Proposition 8 has ignited a storm of controversy throughout the state of California and the across the nation since it was first passed. A case debating the ban’s constitutionality is currently being argued in the state’s high court, with famed lawyers David Boies and Theodore B. Olson working to overturn Prop 8. Legal experts widely predict that the case will reach the Supreme Court by 2011.

The judge who is presiding over the lawsuit challenging Prop 8’s consitutionality, San Francisco’s U.S. District Court Judge Vaughn R. Walker, has previously ruled in favor of same-sex marriage in other cases. The case currently being argued regarding Prop 8 is unusual in that it has involved a wide range of testimonies

from various witnesses, unlike other similar trials regarding marriage equality.
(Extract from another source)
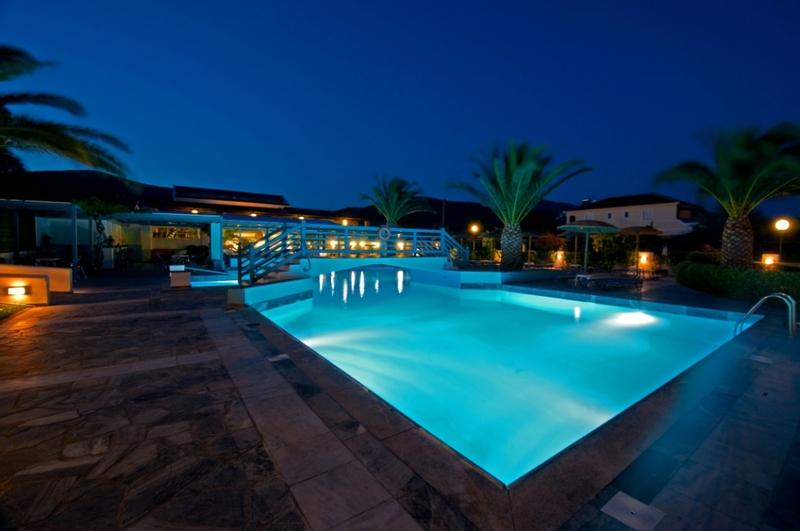 Zefiros Beach Hotel Mykali Buitenkant foto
“Actually putting witnesses on the stand has never been done before in any lawsuit claiming a right to same-sex marriage,” said Andy Pugno, attorney for the pro-Prop 8 team and lead architect of the legislation. “So this is a very out-of-the-ordinary approach.”

The PPIC poll echoed similar results to a Los Angeles Times/USC poll released in November, which found that a small majority of California voters support the right of gay couples to marry. That poll also reported that a much larger portion of voters oppose efforts to place the issue on the ballot in 2010.